What the exercise asks » When you restate the data, keep every word as it is and drop the images.

Records for this exercise »
- Opening Delimiter -

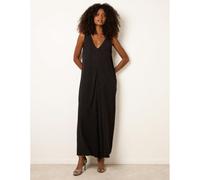 Blue Vanilla Pleat Front Diamante Jumpsuit - L-XL - Black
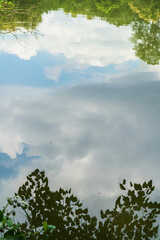 ฺBeautiful Reflected cloudy sky background with white cloud. the water surface river is waves the sea surface natural background.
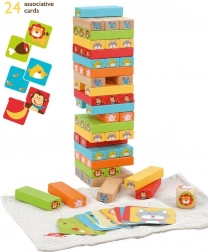 Lucy & Leo dřevěná věž Hádej, kdo – zvířecí Jenga hra pro děti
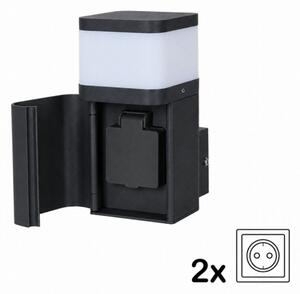 BRILAGI - Lampă de perete pentru exterior cu priză SCHUKO PILLAR 1xG9/11W/230V IP44 neagră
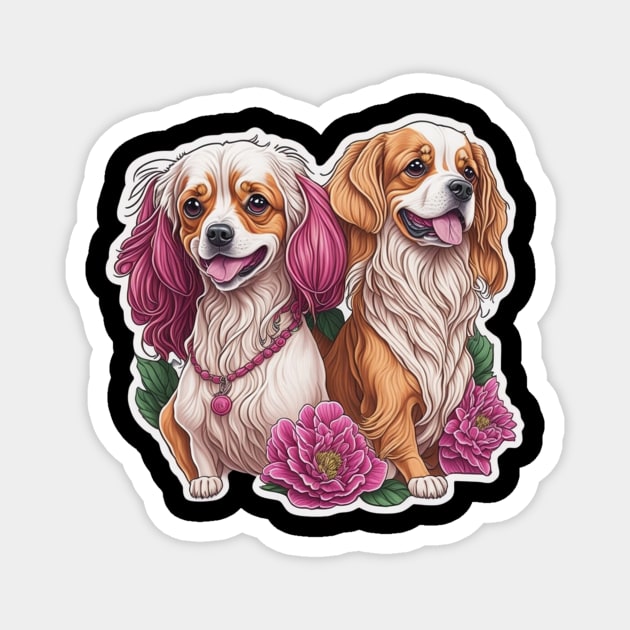 Fluffy Short Dog Duo with Long Hair – Fun Puppy Art Magnet by IamActiveDog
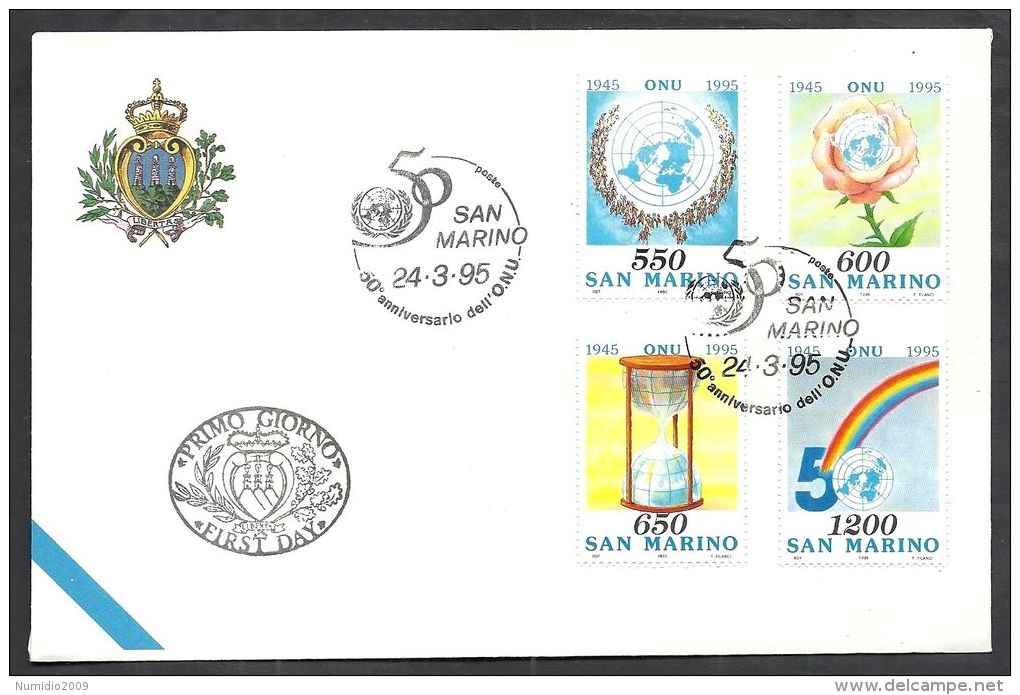 1995 SAN MARINO FDC ONU - RSM7 - FDC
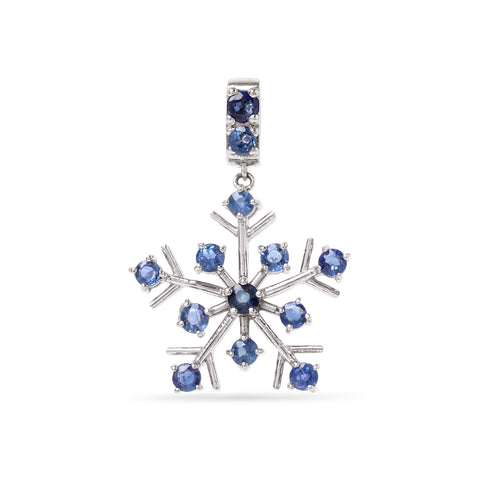 Blue sapphire snowflake pendant in 925 sterling silver by Jewelry By Crimson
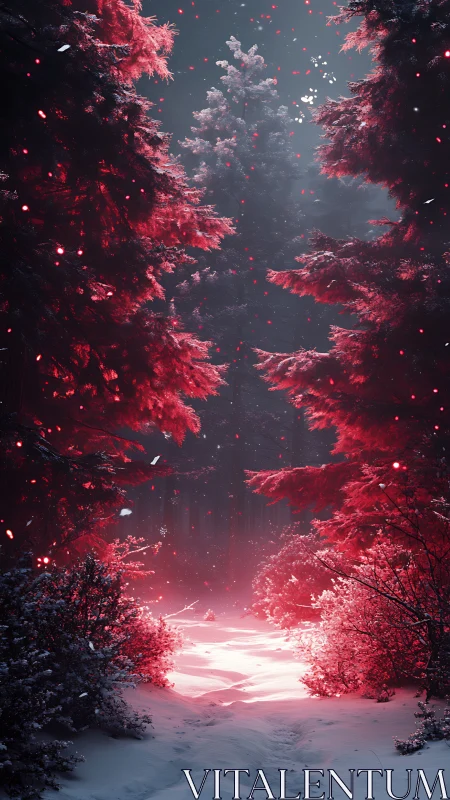 Red-illuminated winter forest path shows strong contrast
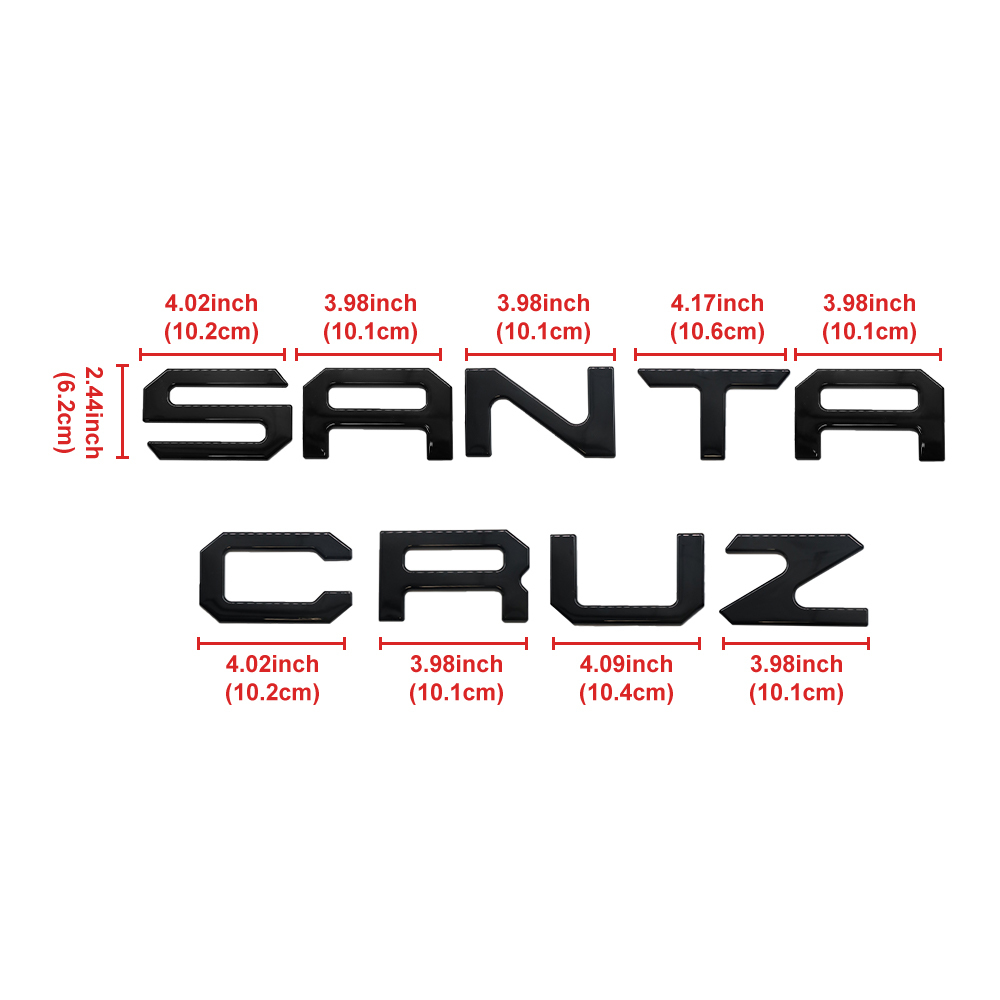 1PC 2022-2025 Santa Cruz ABS Plastic 3D Raised Rear Tailgate Trunk Letter Gloss Black Hyundai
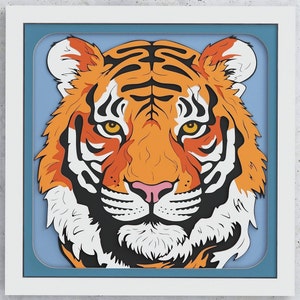 Tiger Shadow Box, Tiger SVG Warstwowy projekt dla Cricut Silhouette Glowforge, 3D Tiger Head Warstwowy SVG Shadow Box dla Cricut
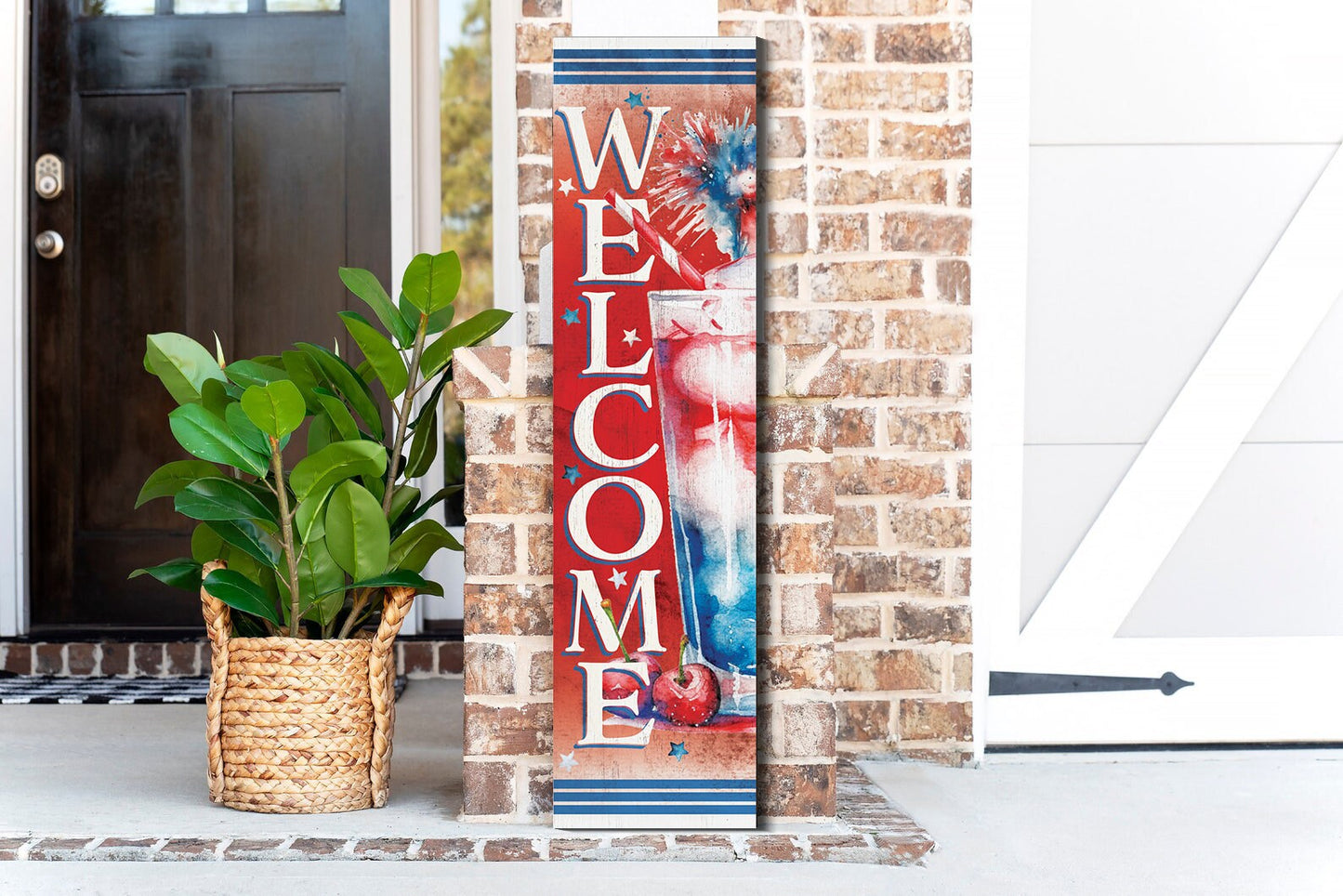 36in 4th of July Welcome to Drink Cocktail Porch Sign - Festive Outdoor Party Decorationch Sign - Patriotic Home Decor Accent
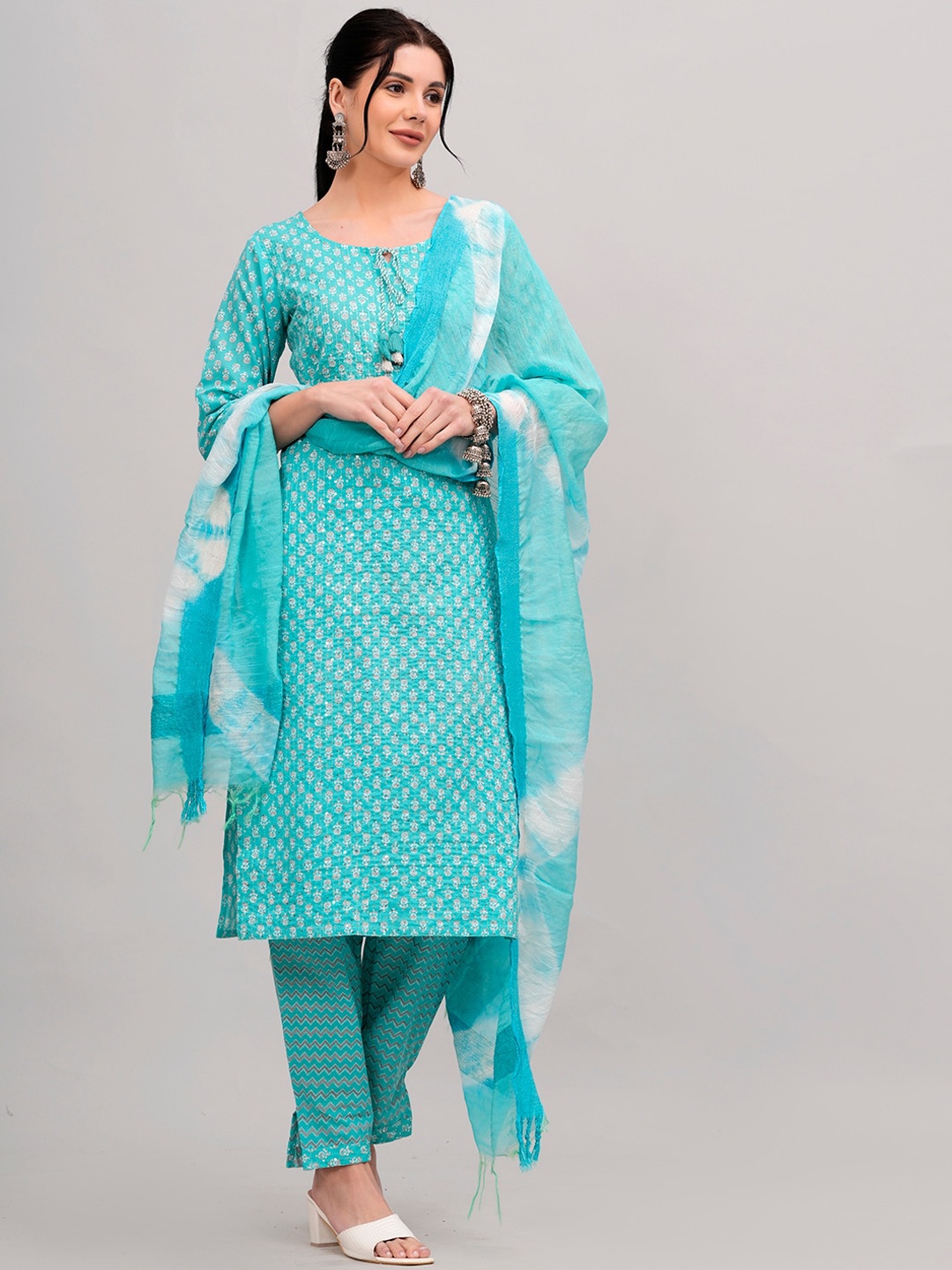 

KALINI Ethnic Motifs Printed Tie-Up Neck Three-Quarter Sleeves Pure Cotton Kurta Set, Blue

- Closing Delimiter -

Response to this exercise »
 Blue Vanilla Pleat Front Diamante Jumpsuit - L-XL - Black
 ฺBeautiful Reflected cloudy sky background with white cloud. the water surface river is waves the sea surface natural background.
 Lucy & Leo dřevěná věž Hádej, kdo – zvířecí Jenga hra pro děti
 BRILAGI - Lampă de perete pentru exterior cu priză SCHUKO PILLAR 1xG9/11W/230V IP44 neagră
 Fluffy Short Dog Duo with Long Hair – Fun Puppy Art Magnet by IamActiveDog
 1995 SAN MARINO FDC ONU - RSM7 - FDC
 Blue sapphire snowflake pendant in 925 sterling silver by Jewelry By Crimson
 Red-illuminated winter forest path shows strong contrast
 1PC 2022-2025 Santa Cruz ABS Plastic 3D Raised Rear Tailgate Trunk Letter Gloss Black Hyundai
 Tiger Shadow Box, Tiger SVG Warstwowy projekt dla Cricut Silhouette Glowforge, 3D Tiger Head Warstwowy SVG Shadow Box dla Cricut
 36in 4th of July Welcome to Drink Cocktail Porch Sign - Festive Outdoor Party Decorationch Sign - Patriotic Home Decor Accent

KALINI Ethnic Motifs Printed Tie-Up Neck Three-Quarter Sleeves Pure Cotton Kurta Set, Blue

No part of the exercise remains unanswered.